Porter grew up in Iowa and then graduated with a bachelor degree from Minnesota State University, Mankato where she double majored in psychology and speech with a minor in sociology. After graduating, she moved to New York to work at Opportunities for Chenango as a teacher in the Head Start program, before moving to Albany to work for the state’s Department of Labor. She eventually began working for the state’s health department and became the director of the WIC program, which helps to provide food for pregnant women, infants, and children.

“It’s very complex; it’s our second-largest program in New York State,” she said. “It’s a bureaucracy, but in a good way.”

Porter retired in 2005. Shortly after her granddaughter, who is now 8, began attending school, Porter became more politically active.

“I want to make sure she has a good legacy,” Porter said.

At first, she said, her activism focused on legislation and candidates in the federal government before she realized that the county government plays a key role in politics and, she said, makes more of a difference, and so she started attending county meetings.

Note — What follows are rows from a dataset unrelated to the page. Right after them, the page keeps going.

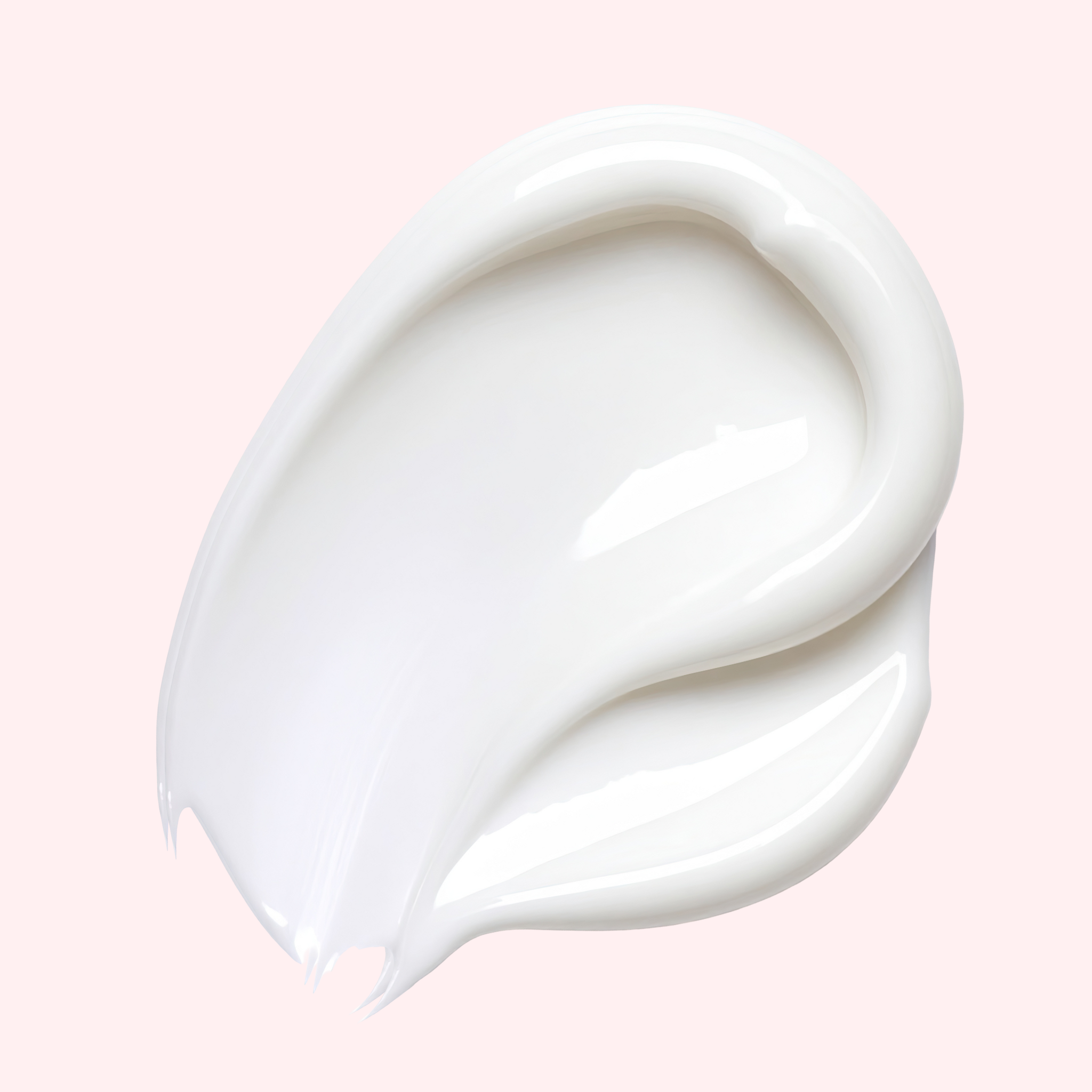 White cream or lotion swatch on a pink background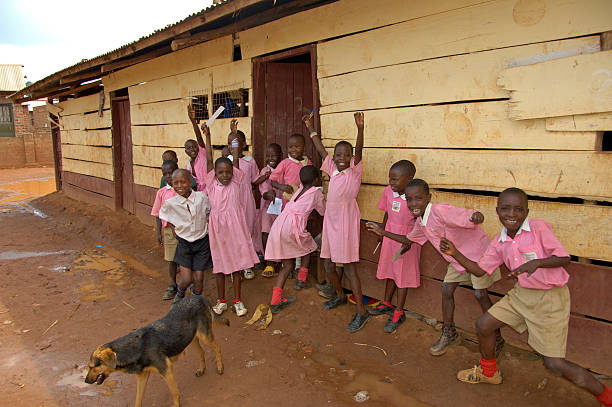 Children in pink school uniform. stock photo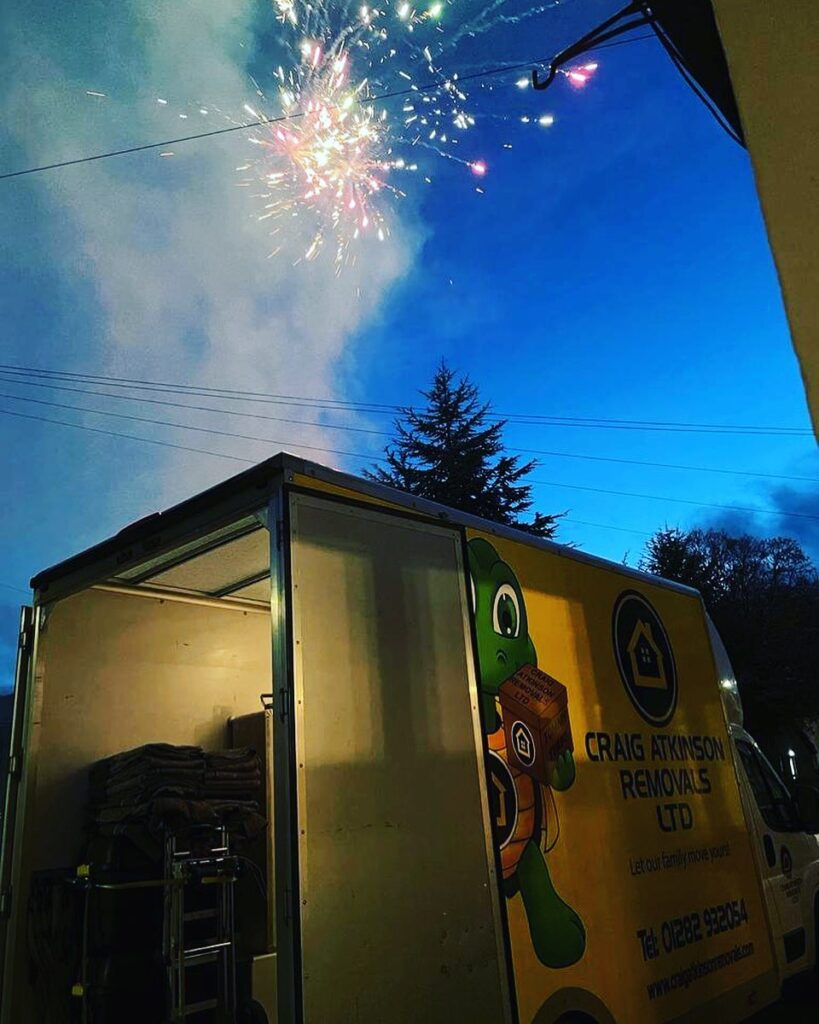 Craig Atkinson Removals van with fireworks in the sky celebrating the New Year.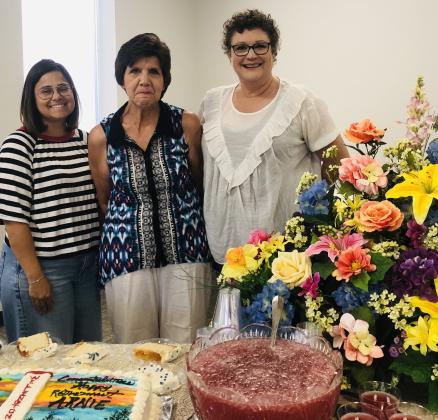 Hosted by the City of Wellington, serving refreshments at the reception in honor of Arnie Ingram are City Secretary Marci Peters, left, Director of Finance Rebecca Pena and Receptionist Dana Langford Hughs. Guests enjoyed berry punch and their choice of two “Veronica” cakes with the script, “Congratulations on Retirement, Happy Retirement, Arnie” and “Thanks for 45 and a Half Years of Service.”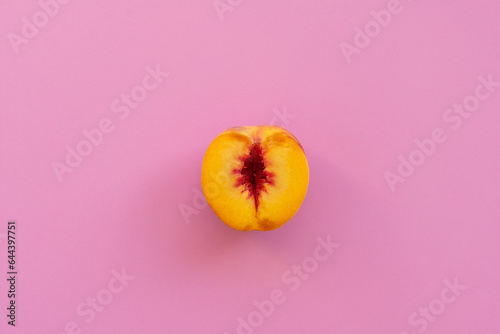 Peach on a pink background. Sliced peach on a pink background. Women's health theme.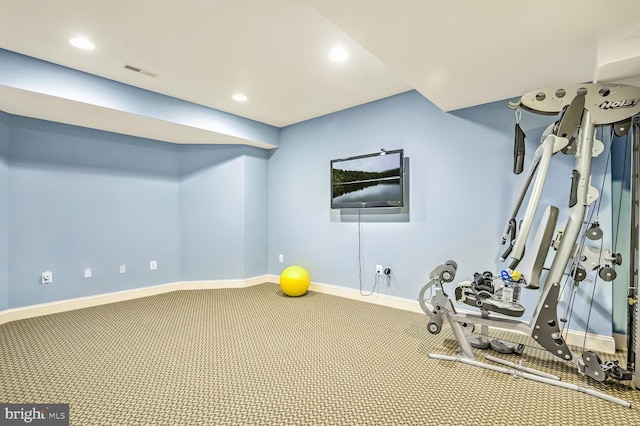 workout area featuring carpet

“A lot of what happens in that government, especially Albany County, is influential: It affects the surrounding counties and because of the proximity to the state [capitol], it tends to influence the state legislation,” she said.

She quoted Assemblywoman Pat Fahy, who said that the Albany County Legislature in particular gives her a pulse on state legislative matters.

Porter is concerned about environmental issues like protecting water sources, infrastructure, and health and safety. Some important environmental issues include the Rapp Road landfill in Albany as well as protecting the water sources for wells in the Hilltowns.

She also wants to see more representation of the 31st District and rural Albany County. While she said she supports reducing the size of the legislature as well as redistricting, she says there needs to be ensured representation of the district.

While Porter said that she wants to bring jobs to the rural parts of the county to address issues like underemployment, she also wants to ensure growth in the community is managed well and is environmentally sound and affordable.

Porter also said that she has become concerned about the sale of flavored e-cigarettes, which the county legislature is now reviewing a bill to ban. She said that she originally was neutral on the issue because she understood they were used to help people quit smoking. But, after discovering how prevalent vaping has become among young people, she has become more concerned. She said that she also would like to look into what damage can occur in the lungs when using e-cigarettes.